* **Requirement**
Word for word, restate the records from their first line through the line with "So how can we", both ends included; omit each picture.

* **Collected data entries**
*** Begin section ***

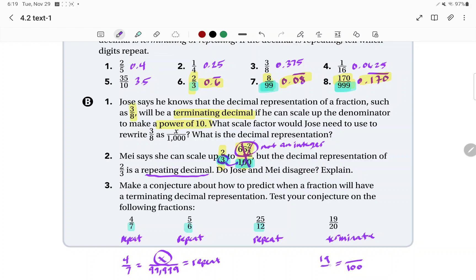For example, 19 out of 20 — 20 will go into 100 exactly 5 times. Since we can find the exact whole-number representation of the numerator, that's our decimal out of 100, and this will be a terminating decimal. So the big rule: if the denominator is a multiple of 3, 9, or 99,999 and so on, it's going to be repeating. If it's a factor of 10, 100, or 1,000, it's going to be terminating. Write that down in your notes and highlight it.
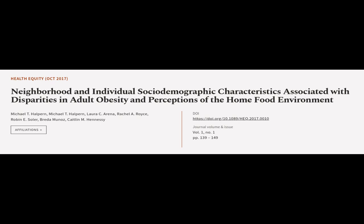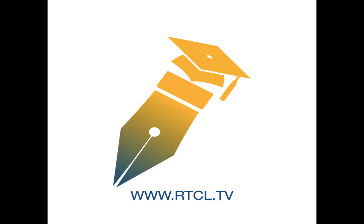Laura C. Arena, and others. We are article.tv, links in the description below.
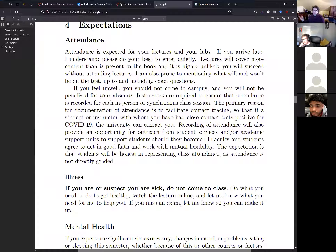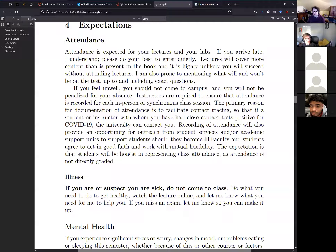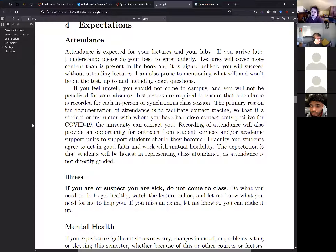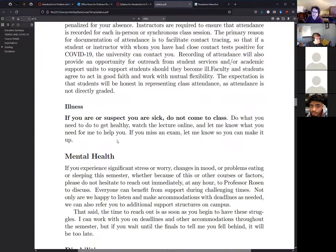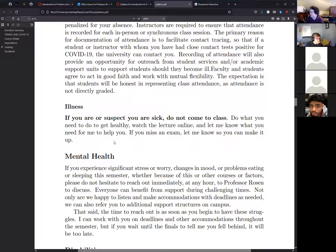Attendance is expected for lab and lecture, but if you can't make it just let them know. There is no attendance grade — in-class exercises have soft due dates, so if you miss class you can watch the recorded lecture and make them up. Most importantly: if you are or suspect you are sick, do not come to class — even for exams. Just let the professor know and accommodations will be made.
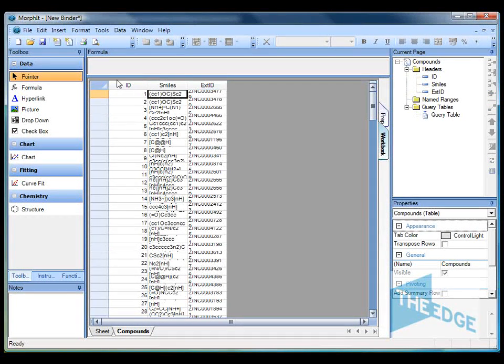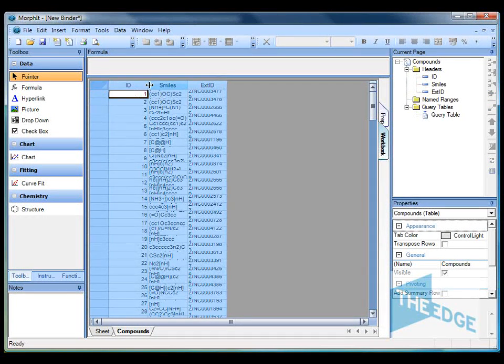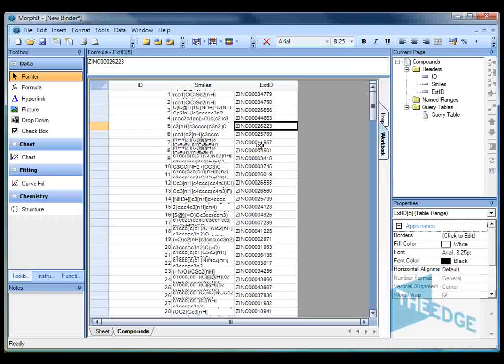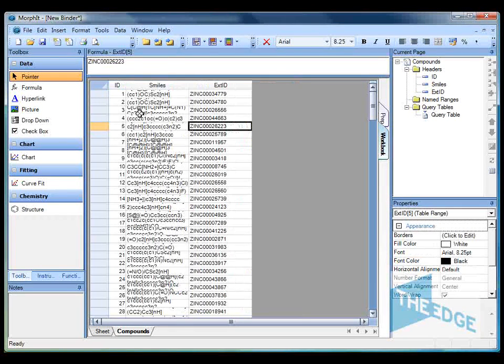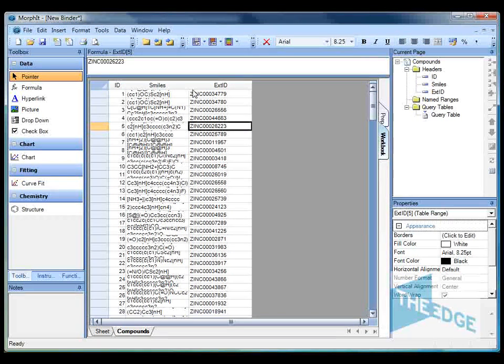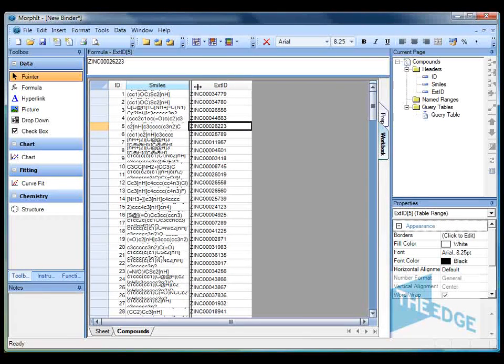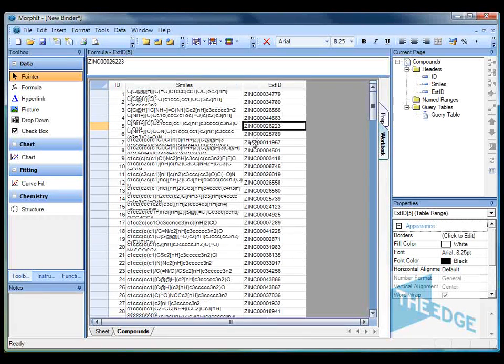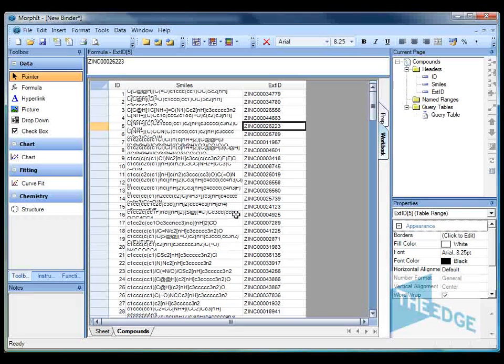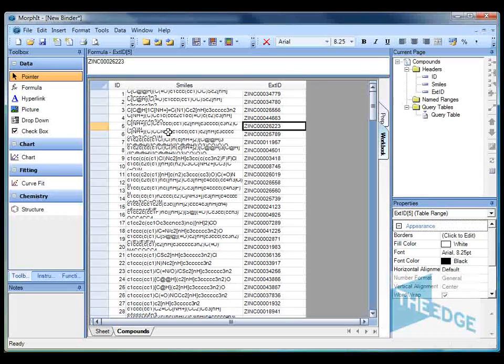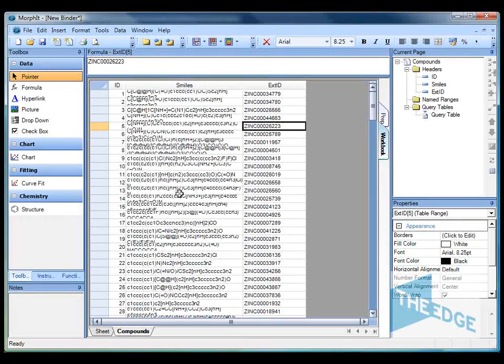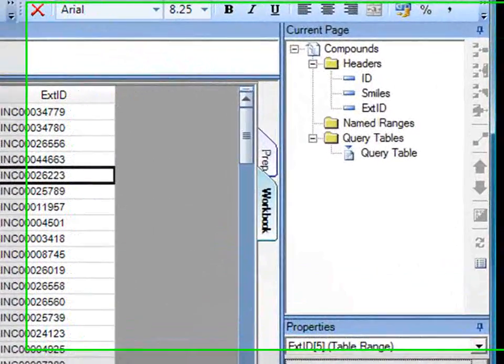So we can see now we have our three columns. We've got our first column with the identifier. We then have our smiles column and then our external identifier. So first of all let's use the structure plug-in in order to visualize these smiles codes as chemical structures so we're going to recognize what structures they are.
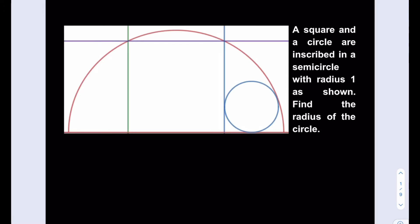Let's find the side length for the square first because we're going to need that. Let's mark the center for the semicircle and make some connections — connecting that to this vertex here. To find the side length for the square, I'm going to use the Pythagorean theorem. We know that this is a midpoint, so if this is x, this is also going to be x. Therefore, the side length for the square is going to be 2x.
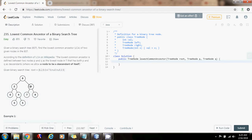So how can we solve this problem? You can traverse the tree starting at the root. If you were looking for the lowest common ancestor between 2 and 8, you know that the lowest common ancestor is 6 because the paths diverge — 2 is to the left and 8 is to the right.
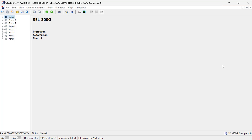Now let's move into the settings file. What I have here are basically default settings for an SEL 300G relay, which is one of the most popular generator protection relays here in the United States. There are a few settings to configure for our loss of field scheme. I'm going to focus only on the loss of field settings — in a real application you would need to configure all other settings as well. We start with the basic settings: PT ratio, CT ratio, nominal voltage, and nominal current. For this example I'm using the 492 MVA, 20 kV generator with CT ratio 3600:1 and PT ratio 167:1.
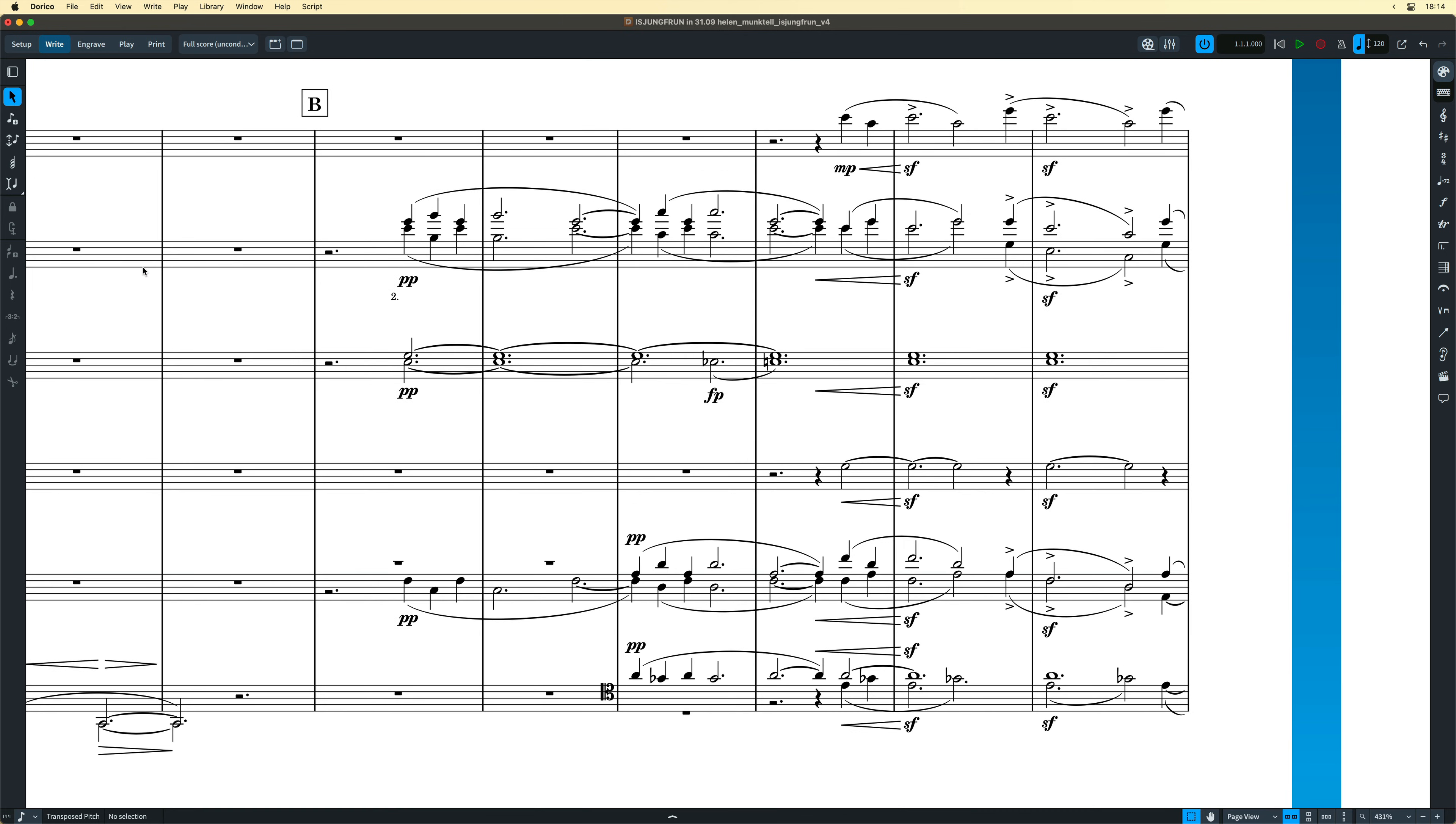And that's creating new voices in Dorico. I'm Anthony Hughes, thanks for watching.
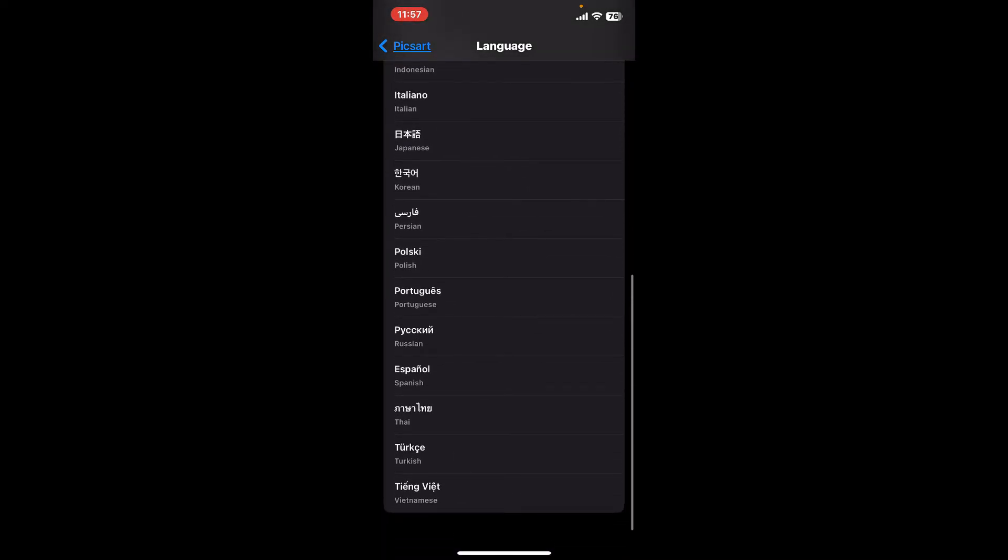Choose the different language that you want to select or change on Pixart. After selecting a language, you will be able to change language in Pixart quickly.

*** End section ***

* **Exercise response**
For example, 19 out of 20 — 20 will go into 100 exactly 5 times. Since we can find the exact whole-number representation of the numerator, that's our decimal out of 100, and this will be a terminating decimal. So the big rule: if the denominator is a multiple of 3, 9, or 99,999 and so on, it's going to be repeating. If it's a factor of 10, 100, or 1,000, it's going to be terminating. Write that down in your notes and highlight it.
Laura C. Arena, and others. We are article.tv, links in the description below.
Attendance is expected for lab and lecture, but if you can't make it just let them know. There is no attendance grade — in-class exercises have soft due dates, so if you miss class you can watch the recorded lecture and make them up. Most importantly: if you are or suspect you are sick, do not come to class — even for exams. Just let the professor know and accommodations will be made.
So we can see now we have our three columns. We've got our first column with the identifier. We then have our smiles column and then our external identifier. So first of all let's use the structure plug-in in order to visualize these smiles codes as chemical structures so we're going to recognize what structures they are.
Let's find the side length for the square first because we're going to need that. Let's mark the center for the semicircle and make some connections — connecting that to this vertex here. To find the side length for the square, I'm going to use the Pythagorean theorem. We know that this is a midpoint, so if this is x, this is also going to be x. Therefore, the side length for the square is going to be 2x.
So how can we solve this problem? You can traverse the tree starting at the root. If you were looking for the lowest common ancestor between 2 and 8, you know that the lowest common ancestor is 6 because the paths diverge — 2 is to the left and 8 is to the right.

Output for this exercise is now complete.